At a first glance they might seem like a worthless feature, but they can actually save us a good amount of time if we know how to use them to the full extent. The basic use that almost everyone knows is to use the grips to stretch objects. If we select a line and click on one of the endpoint grips, we will be able to stretch the line from that point. It is actually kind of an automatized "Express Tool". When you click on the grip, check the command line bar, and you will see that the command STRETCH has been entered automatically.
If instead of the endpoint grip we select the midpoint grip, we will be able to move the line instead of modifying it. (see that the command that appears is still stretch, although in this case we move the line, we don't stretch it).
Well this were the basics that anyone knows, here comes the interesting part. Try to do the two previous steps while pressing Ctrl (you actually must have Ctrl pressed when you click the new position of the grip) What does it do? well it stretches or moves the line as well, but this time making a copy of the original that remains untouched. SO you could create all the lines you see below based on the original line without typing any command. Simpli hold Ctrl while clicking the new position of the grip (you only need to hold Ctrl for the first line, the subsequent ones will be copies without pressing Ctrl)

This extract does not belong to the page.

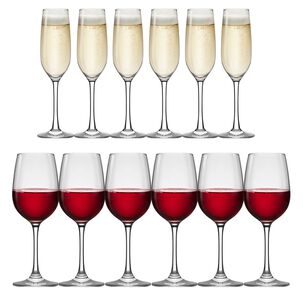 Set 6 Copas Flute 195ml + 6 Copas Vino 405ml Montepulciano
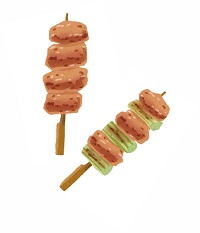 焼き鳥のイラスト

Is that it?? Not yet. What other keys can we use? Let's try Shift. As in many programs shift may be used to select multiple objects, or in today's scope, multiple grips. If we hold Shift while selecting a grip this will turn red, but it won't be dragged with the mouse pointer. If we keep selecting grips while pressing Shift, the grips will be added to the selection and then we can do with them more or less the same that we did to a single grip. For a single line this might not be very useful, but it is when we have a polyline or if we want to select grips of multiple objects. On the picture below we selected all the grips of the upper part of four rectangles. The we can stretch them all together.
I know...We culd have simple selected those edges and use the Stretch command, but think of a drawing with complex geometry intersecting this rectangles that would make it hard to only select the edges we want to stretch.
And last but not least, we will try one more key. ENTER. Surprise! If we select a grip, we already said the the STRETCH command becomes active. But if we press ENTER after we have the grip selected, the command active will jump from STRETCH to MOVE, ROTATE, SCALE and MIRROR. ROTATE, SCALE and MIRROR will use the selected grip (or the last clicked before hiting ENTER) as a base point.